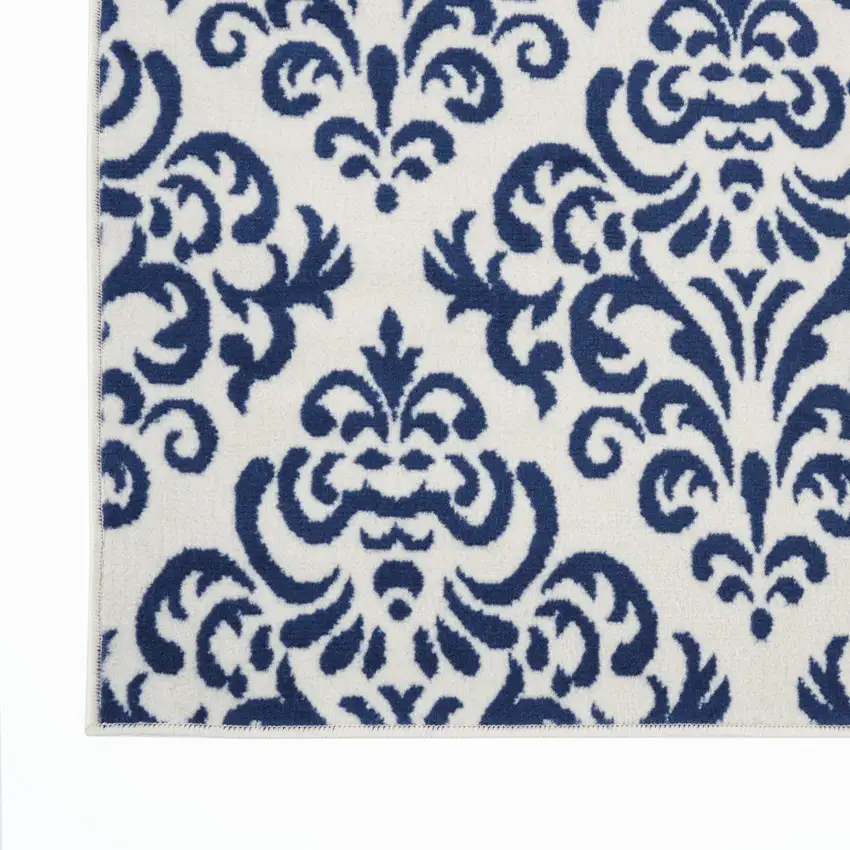 Blue and White Damask Power Loom Area Rug Photo 3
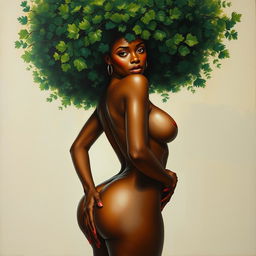 A polished, oil-based painting depicting a full nude body view of a gorgeous black woman with a green tree afro, beautiful breasts, and a big booty in a sensual pose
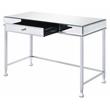 ACME Canine Rectangular Wood Top Writing Desk in Mirrored and Chrome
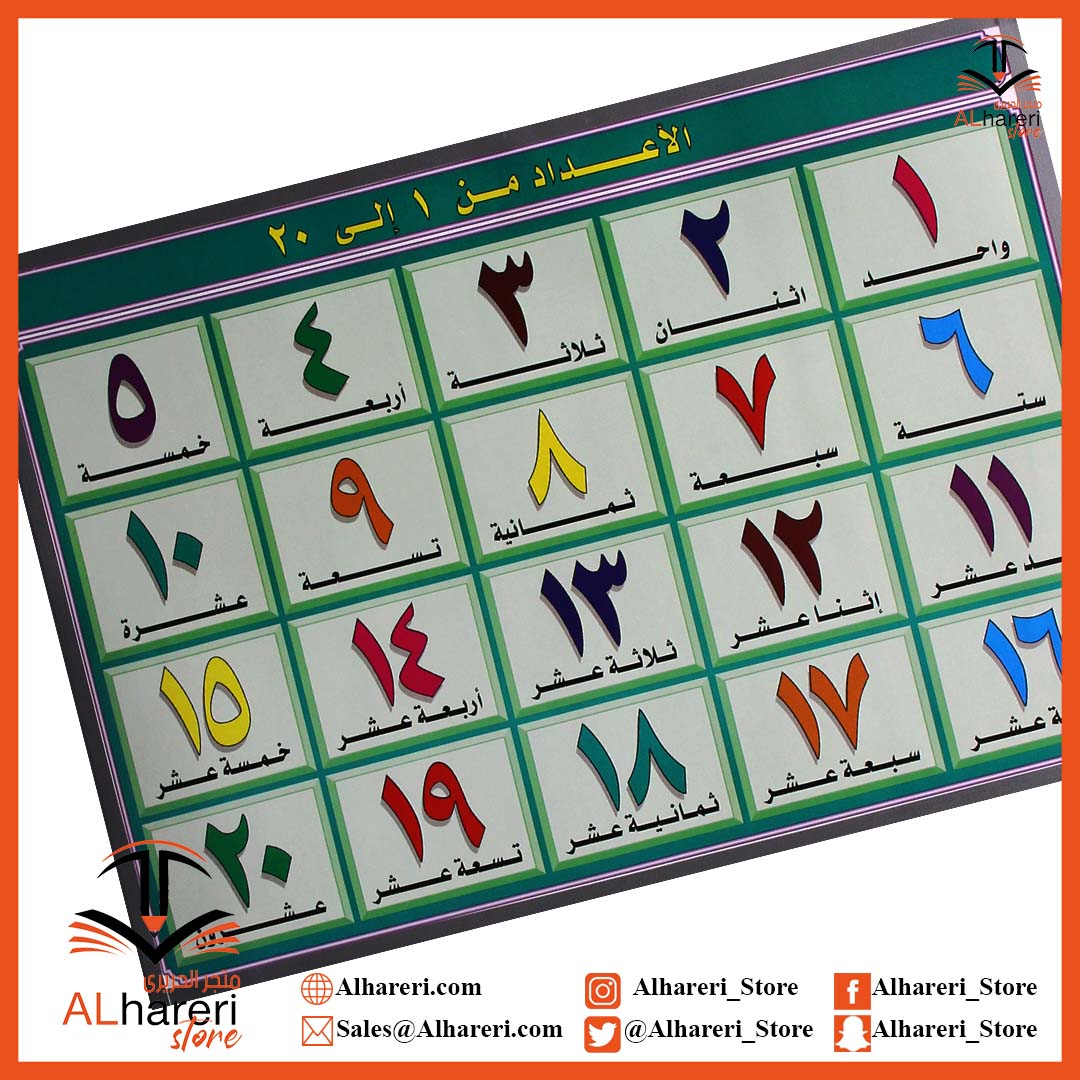 صورة وسيلة تعليمية الارقام بالعربي الى 20 | متجر  الحريري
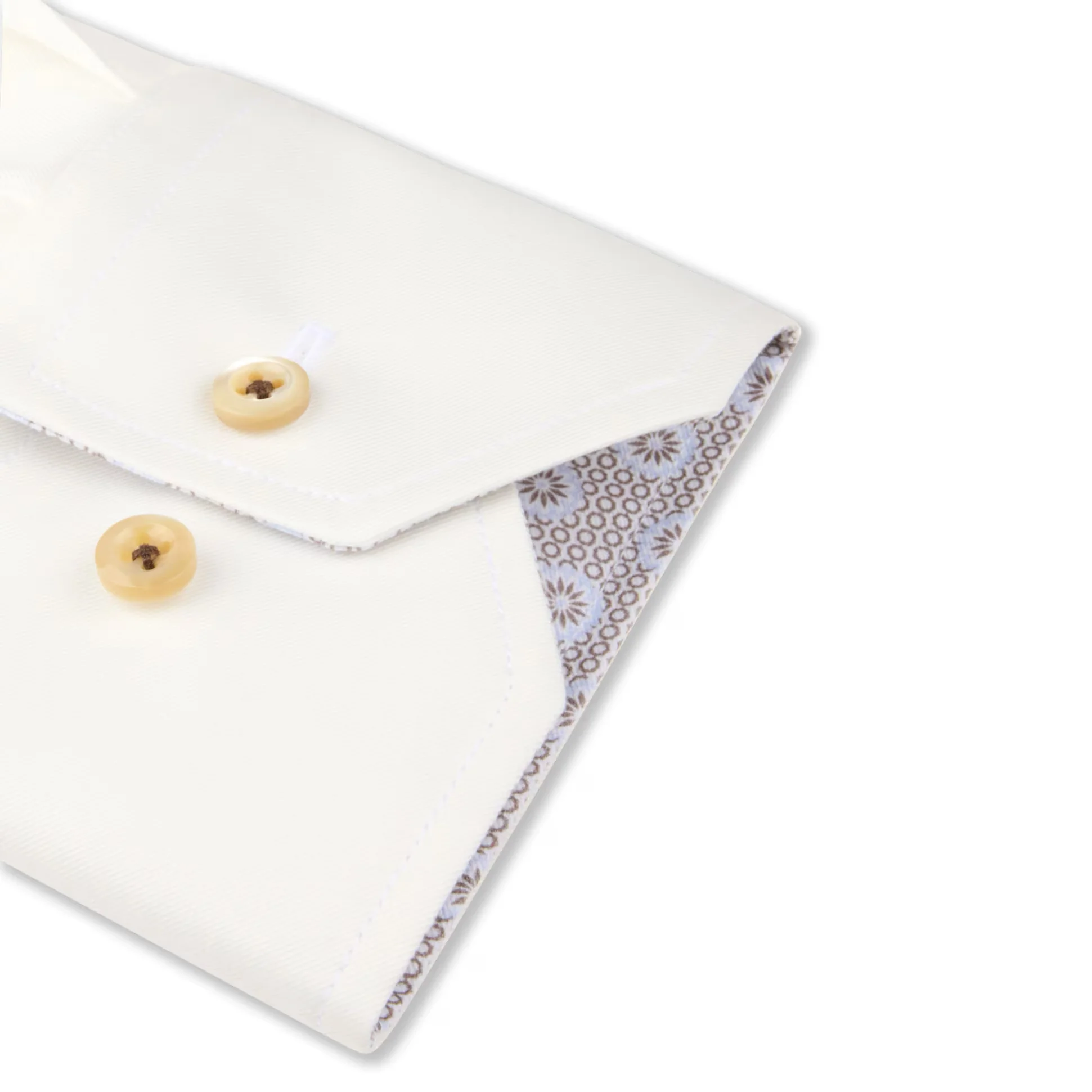 Off-White Twill Slimline Dress Shirt with Brown Contrast Details - Stenströms - Image 3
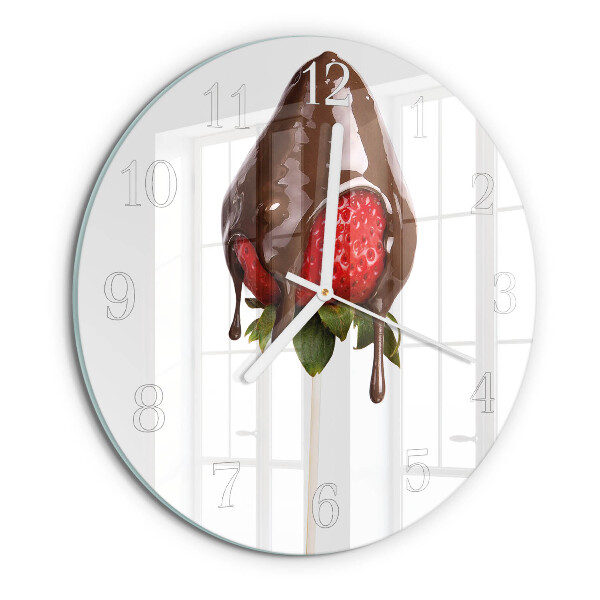 Ronde glazen klok Chocolade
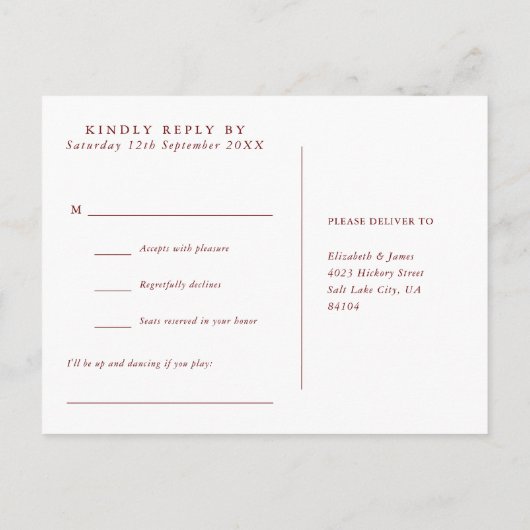 Rustic Herfst Autumn Song Request RSVP Briefkaart (Achterkant)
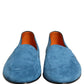 Blue Velvet Slip On Men Flats Loafers Shoes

* ASSIGNMENT *
Beginning with the first entry above, reproduce every line verbatim until the line with "A polished, oil-based", which is included too; omit pictures.

* RESPONSE FOR THIS EXERCISE *
 Blue and White Damask Power Loom Area Rug Photo 3
 A polished, oil-based painting depicting a full nude body view of a gorgeous black woman with a green tree afro, beautiful breasts, and a big booty in a sensual pose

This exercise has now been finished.